** Task data follows **
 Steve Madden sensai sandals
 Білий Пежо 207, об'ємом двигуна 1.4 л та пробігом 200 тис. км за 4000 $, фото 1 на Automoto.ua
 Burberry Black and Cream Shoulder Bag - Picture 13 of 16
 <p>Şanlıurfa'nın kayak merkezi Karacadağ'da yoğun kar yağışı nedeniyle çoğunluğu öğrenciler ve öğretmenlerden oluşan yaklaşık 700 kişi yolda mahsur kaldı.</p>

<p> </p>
** End of Task data **
** Task data follows **
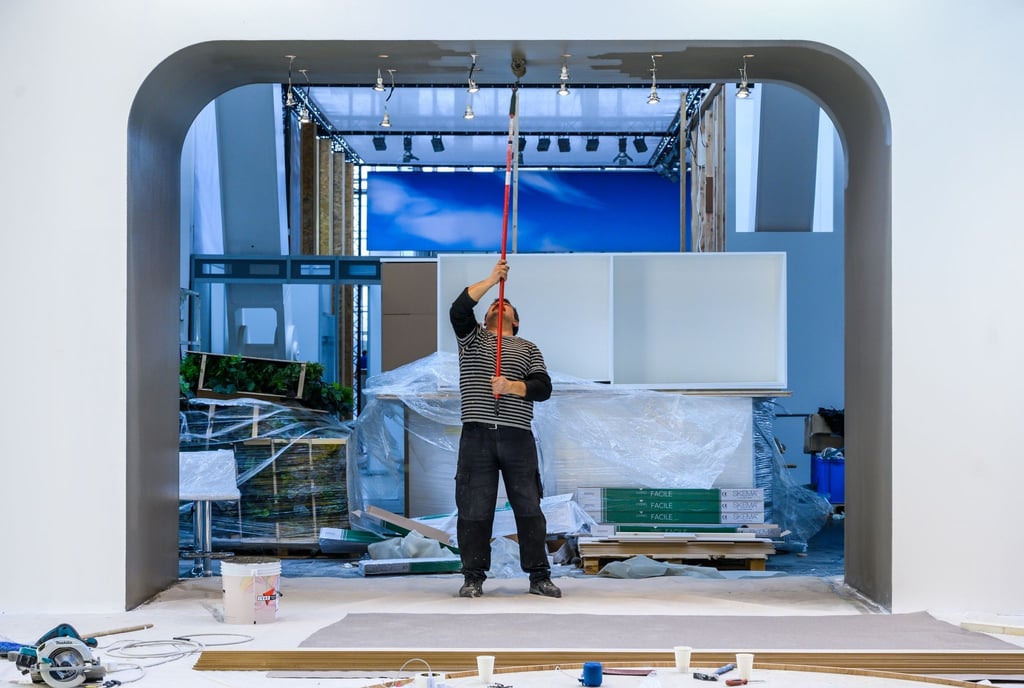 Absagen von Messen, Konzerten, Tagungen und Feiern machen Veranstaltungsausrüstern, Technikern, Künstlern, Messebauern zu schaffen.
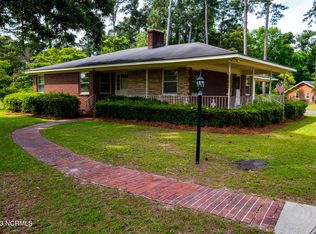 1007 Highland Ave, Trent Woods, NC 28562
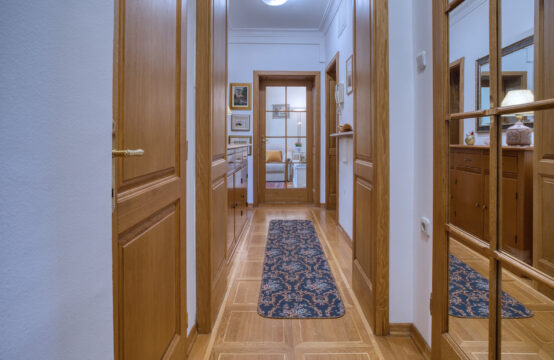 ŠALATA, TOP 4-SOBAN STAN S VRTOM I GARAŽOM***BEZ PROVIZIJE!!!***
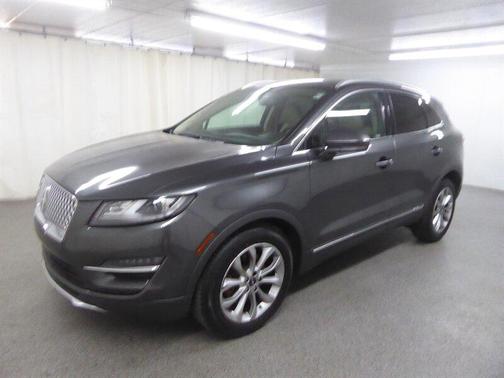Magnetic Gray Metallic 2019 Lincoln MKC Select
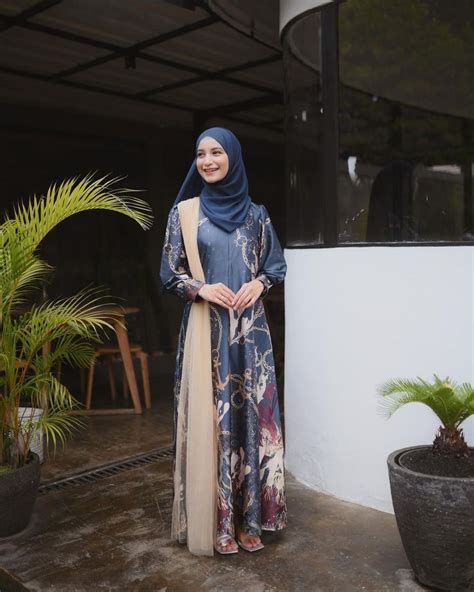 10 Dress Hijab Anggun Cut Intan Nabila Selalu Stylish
** End of Task data **
** Task data follows **
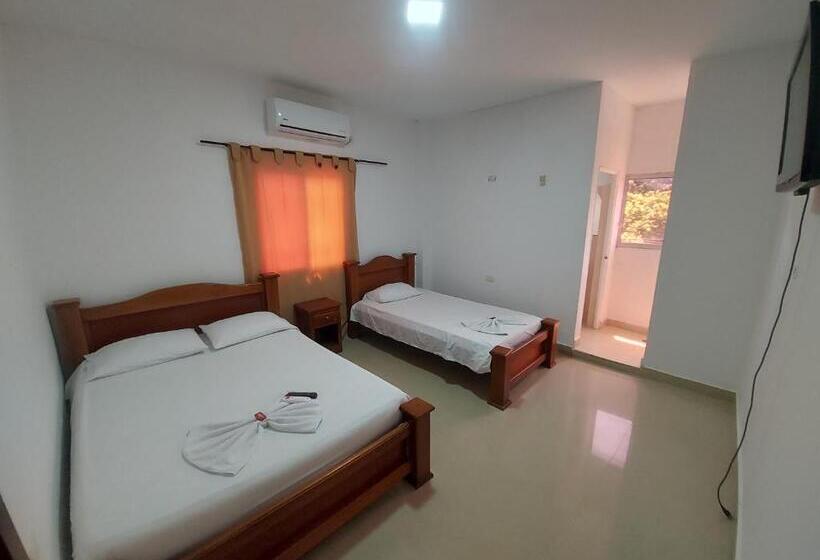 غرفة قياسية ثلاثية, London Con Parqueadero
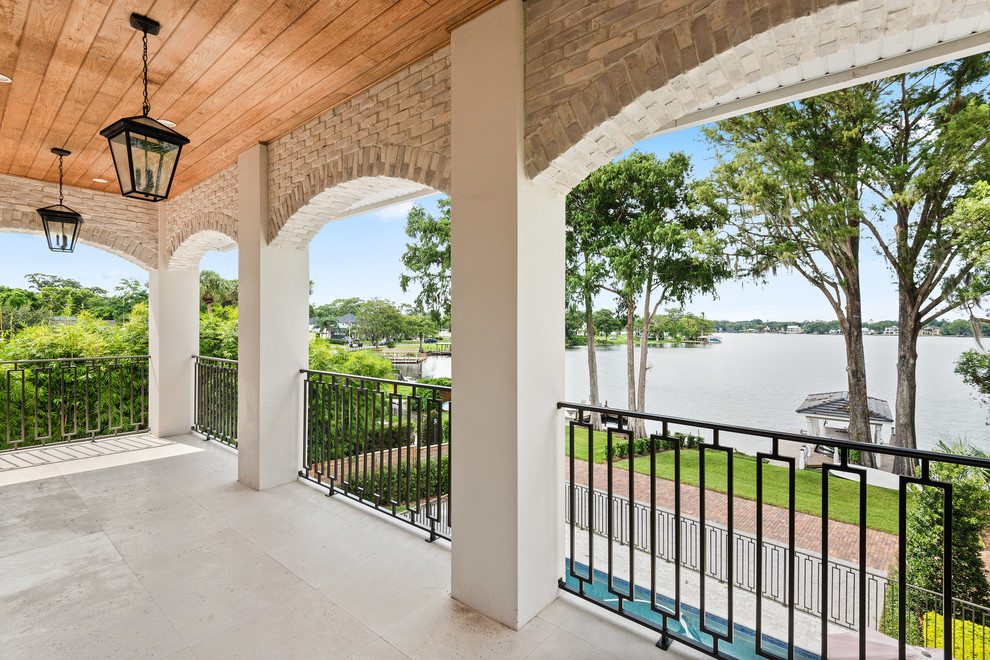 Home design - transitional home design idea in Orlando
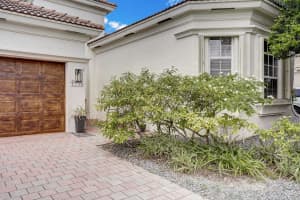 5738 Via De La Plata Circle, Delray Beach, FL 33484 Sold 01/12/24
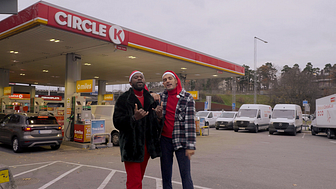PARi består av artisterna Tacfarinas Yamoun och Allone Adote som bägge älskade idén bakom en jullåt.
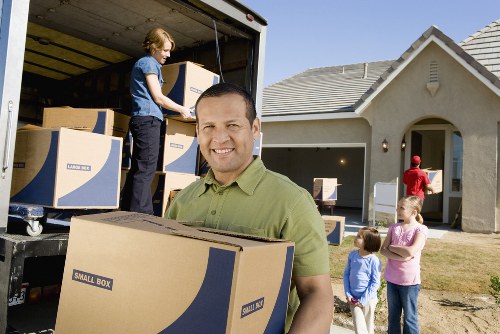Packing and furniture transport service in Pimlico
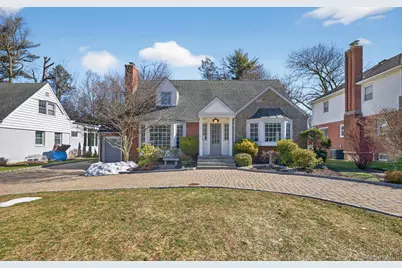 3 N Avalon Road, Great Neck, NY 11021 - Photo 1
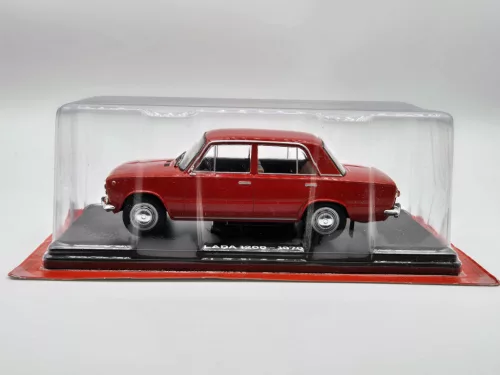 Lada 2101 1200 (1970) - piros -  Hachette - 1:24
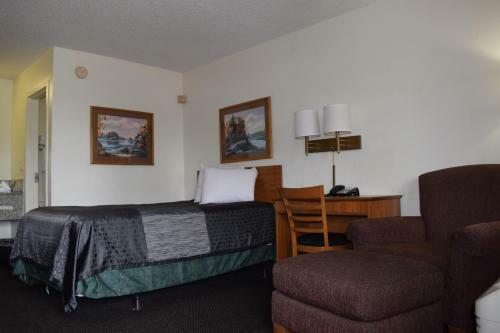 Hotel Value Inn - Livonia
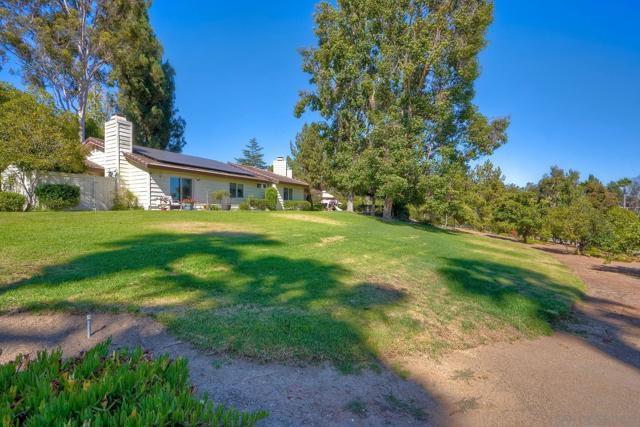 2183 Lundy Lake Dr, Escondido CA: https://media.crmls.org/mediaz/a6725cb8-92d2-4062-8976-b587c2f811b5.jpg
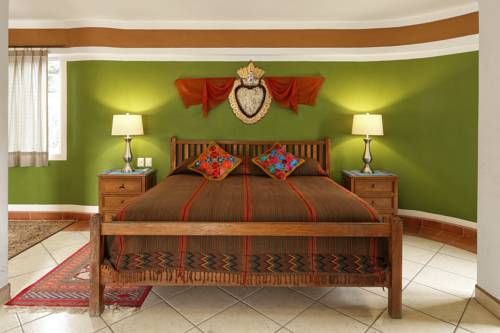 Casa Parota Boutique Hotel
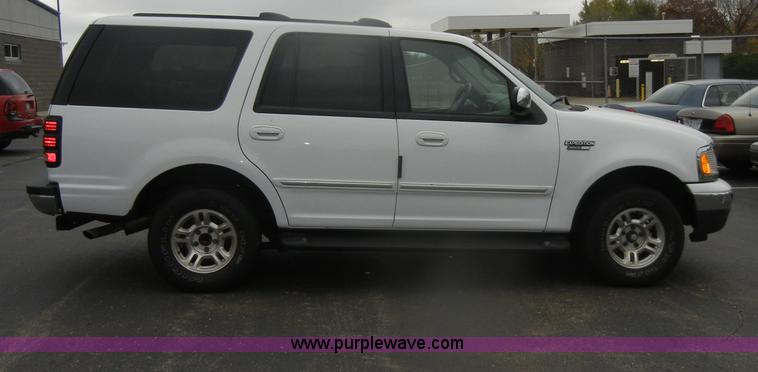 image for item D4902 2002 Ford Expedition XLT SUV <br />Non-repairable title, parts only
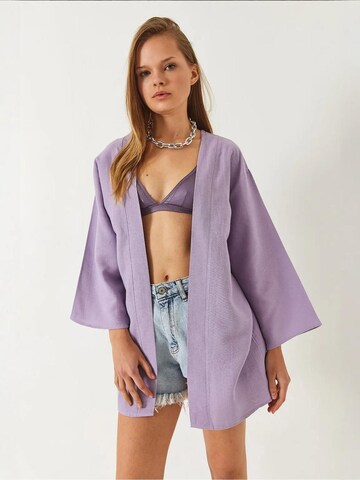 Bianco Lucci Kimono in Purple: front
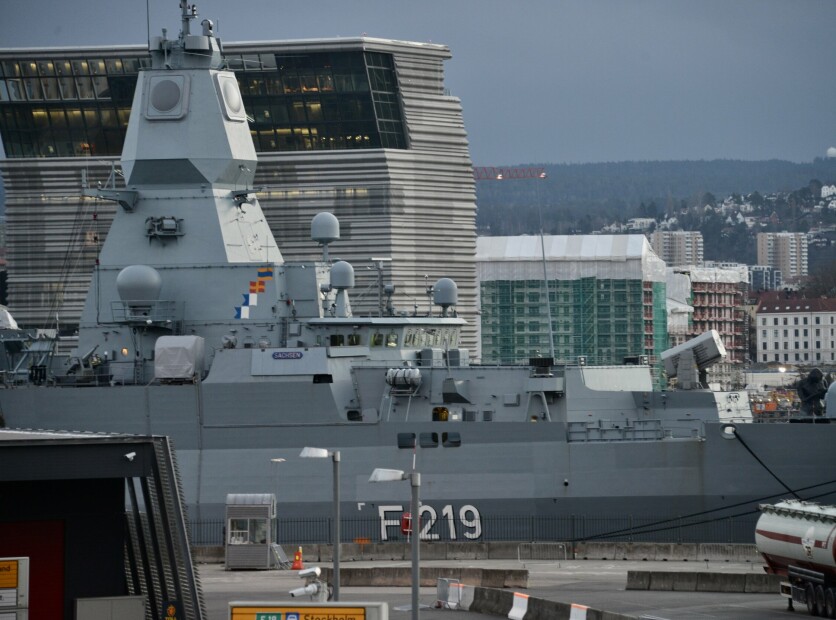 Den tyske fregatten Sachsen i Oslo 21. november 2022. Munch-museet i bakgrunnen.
** End of Task data **
Problem statement
Your task is to copy only the lines above starting at the one containing "Bianco Lucci Kimono in Purple: front" and ending at the one containing "Den tyske fregatten". Copy them exactly, both ends included, and omit the pictures.

Answer to this task
 Bianco Lucci Kimono in Purple: front
 Den tyske fregatten Sachsen i Oslo 21. november 2022. Munch-museet i bakgrunnen.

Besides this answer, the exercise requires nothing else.